This comic under my interpretation is that like the kid in the barrel his mind was wandering at the time of his drawing of the comic and it reprsents his wandering mind as he may be bored and it is in the middle of nowhere but at the same time it is somewhere. but its waiting to get someplace (an island?)

--TheWeatherMan (talk) 13:57, 23 January 2013 (UTC)TheWeatherMan

when ever I feel isolated from society, I like to contemplate the ladders I could build for them to see things from my perspective. We will never manage to teach kids how to exist in chaos, we need to outsource our thinking, share ideas, to see new options for each of the impossible answers. Sic-if is here to stay, because it's the only hint we will get of the perfection they want us to achieve. Anything less then the total perfection is unsustainable. - 98.211.199.84 14:22, 3 March 2013 (UTC)

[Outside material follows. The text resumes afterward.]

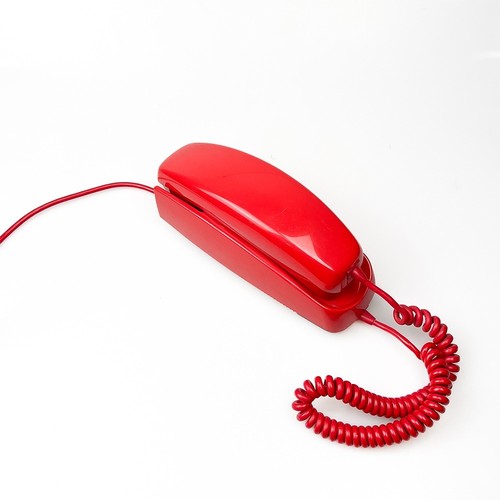 Téléphone télécabine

It's been over five years, so I think I should be that one annoying person who breaks unspoken streaks: If an endless ocean were a representation of life, I'd be the one who's fasioned myself an oar (or I can just use my hands to paddle if I can't get an oar). I then tell the floating people around me, "May the waves bring you luck." I proceed to go toward a location on the horizon that appears arbitrary but is actually something really cool, and then I greet all the other people who have chosen to go here also or were brought by fate/the sea (basically synonymous). Finally, I do cool things. Anyway, this comments section has been very inactive. No purpose, just wanted to motivate y'all to set goals for yourself and let you know that good things will happen if you do. For now, though, it's night, and the others are asleep in their barrels. Good night and why did I write this 108.162.215.70 07:01, 10 June 2018 (UTC)

Working theory: this IS Beret Guy. This is I think years before his first appearance, and Beret Guy is apparently younger than anyone else who isn't explicitly a child. So this is him. The youngest form of the one who had nothing but wonder...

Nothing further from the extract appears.